Creator’s Decision Slows Showtime’s Development1/20/2006 5:17 AM Eastern
Pasadena, Calif. -- The call on whether to renew some current Showtime series may be contingent on the decision of an executive who isn’t even on the premium network’s payroll.
The fate of the new seasons of Barbershop and Emmy Award-winning Huff are in the hands of Mitch Hurwitz, the veteran producer (The Golden Girls) called “the genius behind” the series Showtime executives currently crave, Fox’s now-canceled Arrested Development.
Showtime president of entertainment Robert Greenblatt told pundits at the Television Critics Association press tour here Thursday that he wants Arrested Development, but only if its creator continues with the series.

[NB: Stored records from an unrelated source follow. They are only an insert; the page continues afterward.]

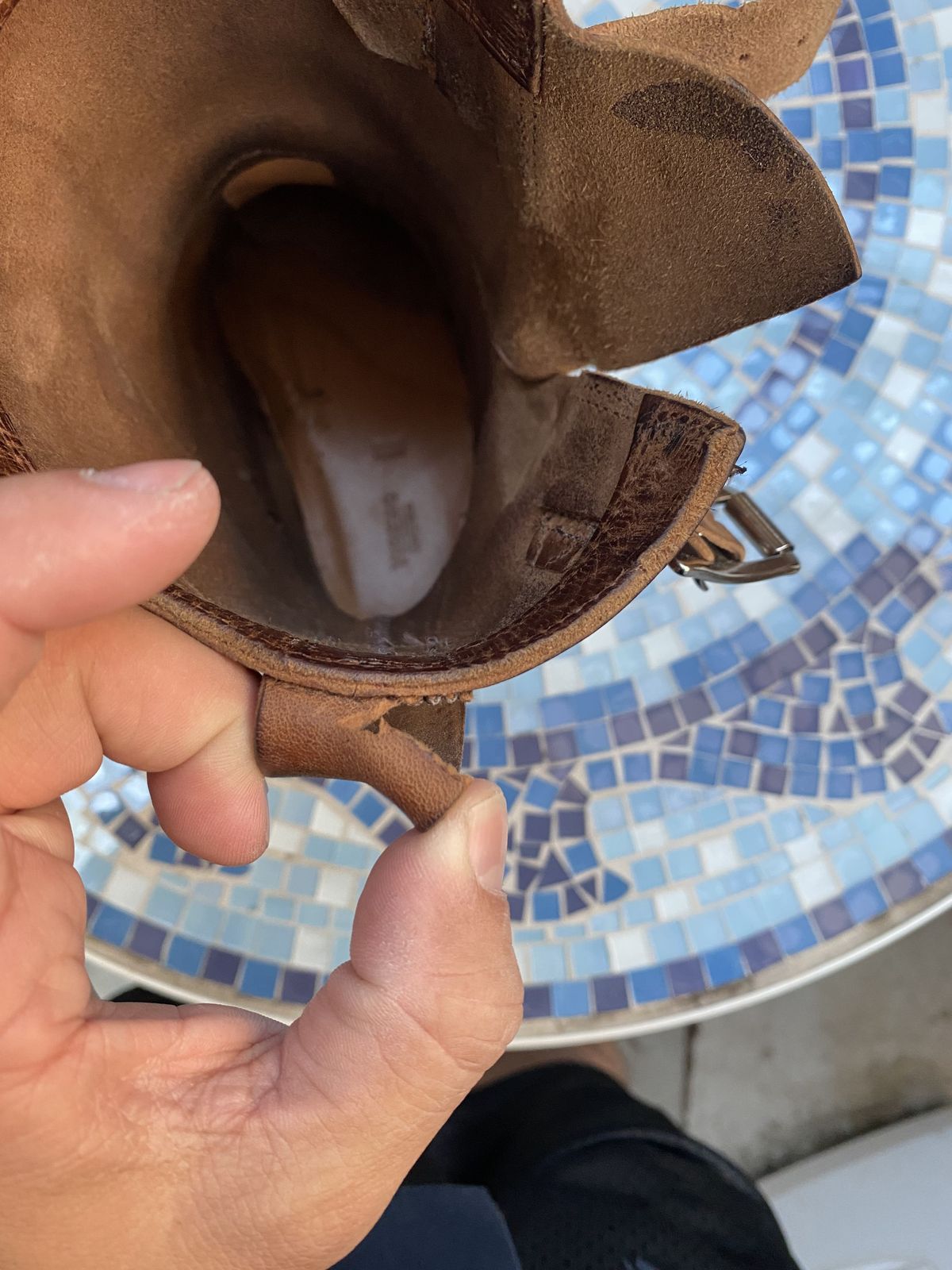 Photo by patinathunderdome on November 4, 2021 of the Viberg Engineer in Horween Crust Horsebutt.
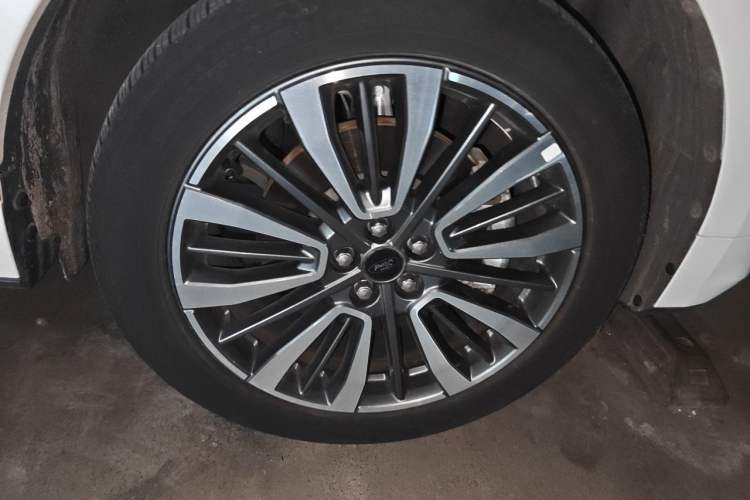 Used Ford Edge 2021 Facelifted PLUS EcoBoost 245 Two-Wheel Drive XLT 7-Seater Right Front Wheel Hub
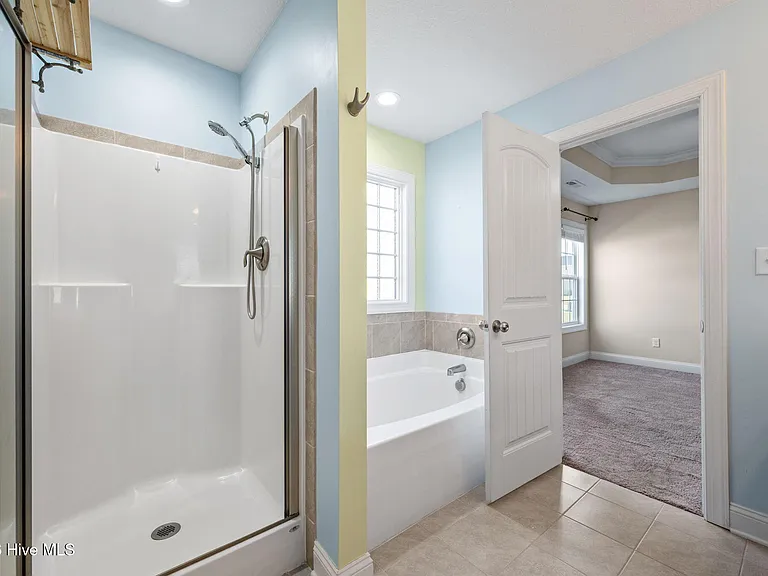 320 Aquamarine Cir — Photo 16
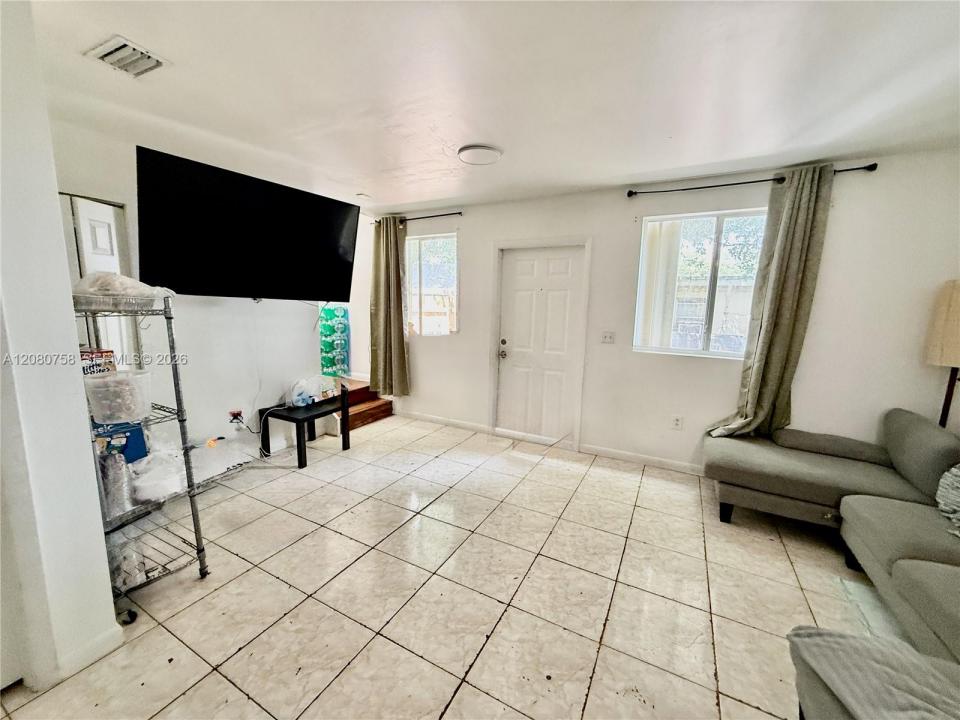 759 NW 70th St 2, Miami, Floride 33150, États-Unis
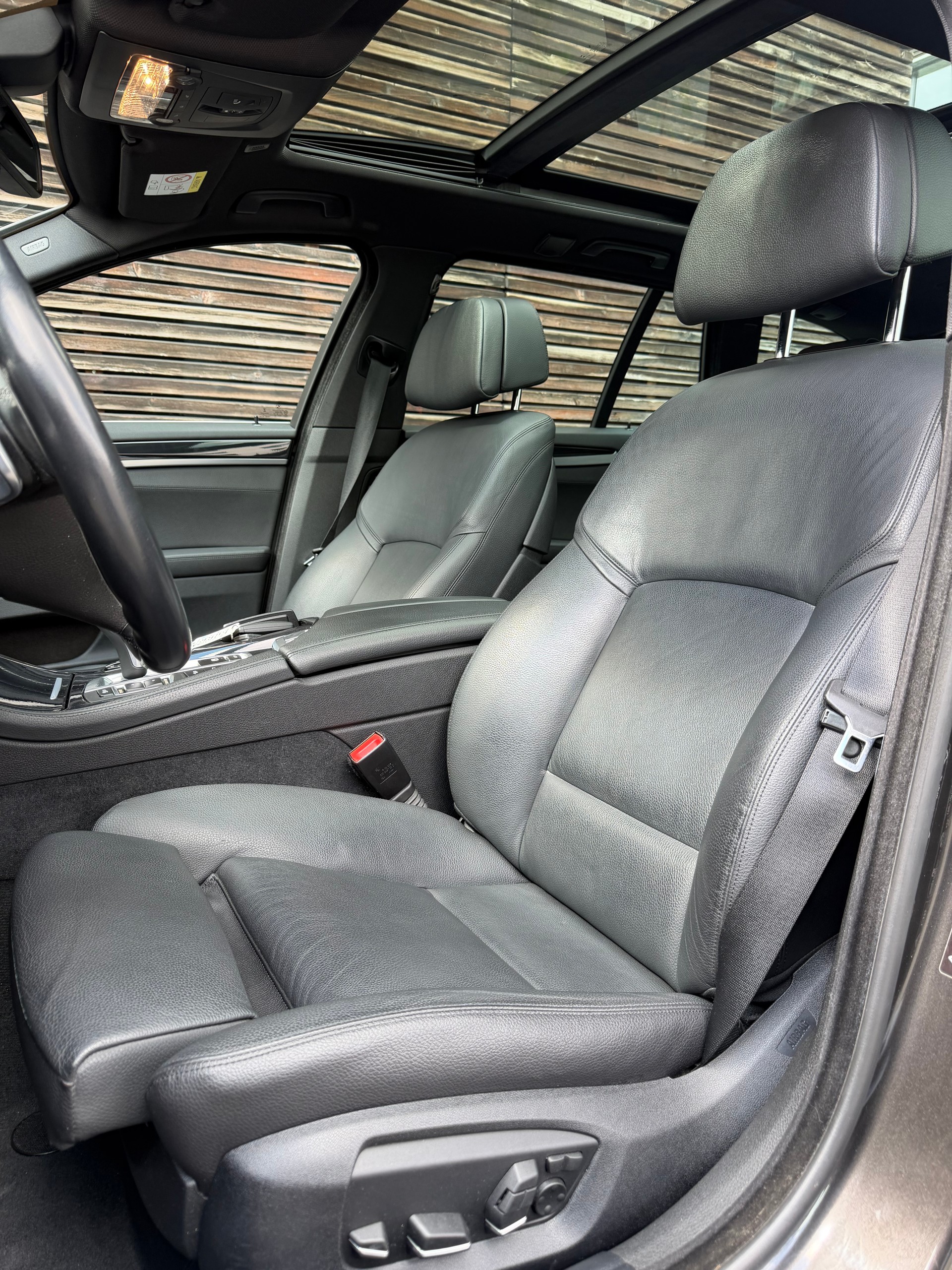 BMW 520d Touring xDrive Steptronic-image-5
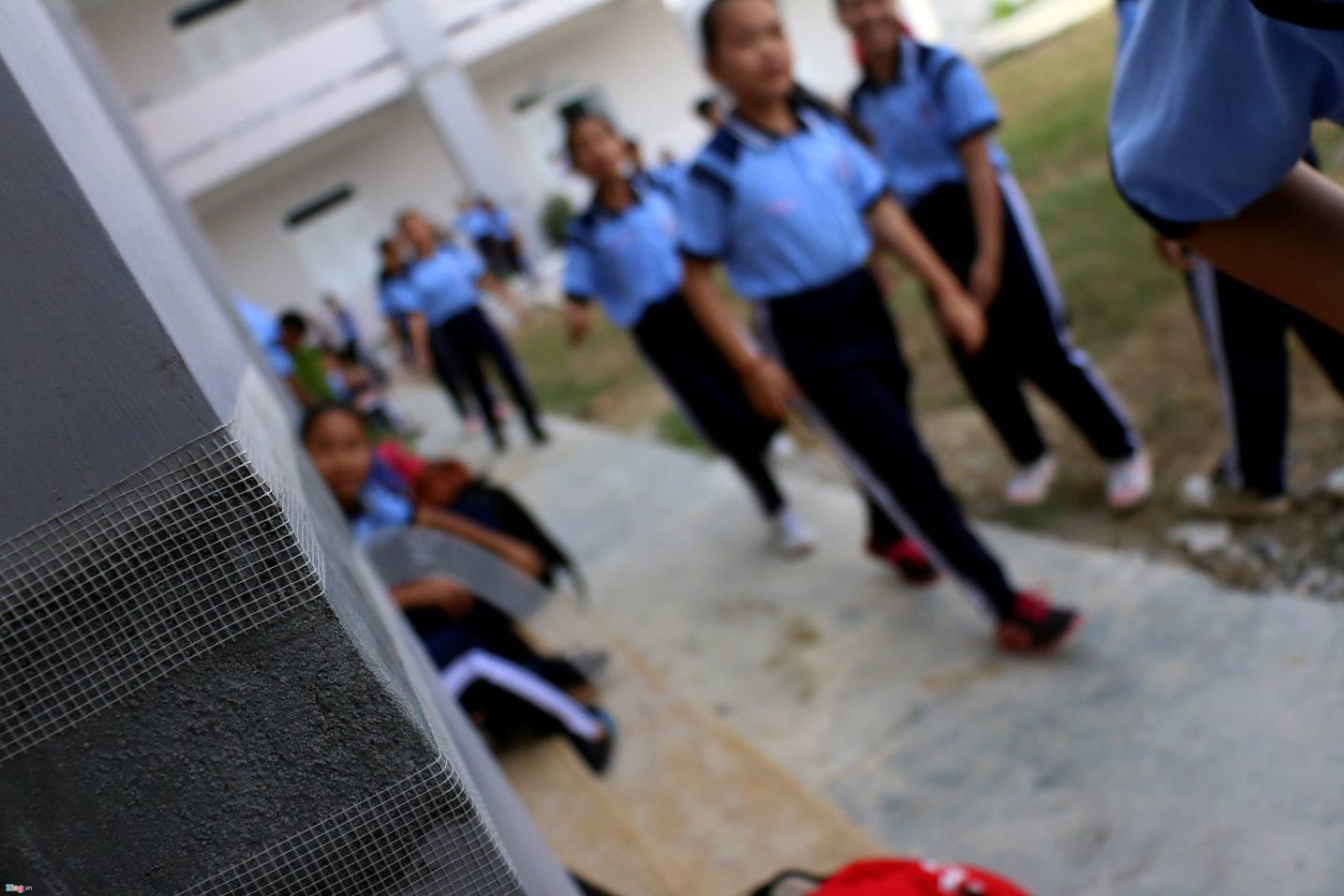 Nứt nẻ khắp nơi ở ngôi trường gần 30 tỷ mới bàn giao-14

“We’ll continue to see if a deal can be made,” he said, before adding that there have been no talks with Hurwitz since before the holidays.
Greenblatt said that if only a very small portion of the fan base of the show followed it to premium cable, it would become one of the network’s highest-rated programs. Deals with existing shows will depend on what happens with the acquisition, he added.
While some series are in limbo, Showtime has ordered two more seasons of Penn & Teller: Bullshit, and it is filming four new series: a video version of National Public Radio’s This American Life,with host Ira Glass; a Damon Wayans sketch show, The Underground; The Tudors,depicting the life of young Henry VIII, with Golden Globe-winner Jonathan Rhys-Meyers (Elvis); and Dexter, a vigilante crime drama starring Michael C. Hall of Six Feet Under.
Showtime will debut its remastered version of Liza with a Z, the 1972 Emmy-winning Liza Minnelli special; Brotherhood, a tale of good and bad brothers in Providence, R.I.; and the second season of Huff in April.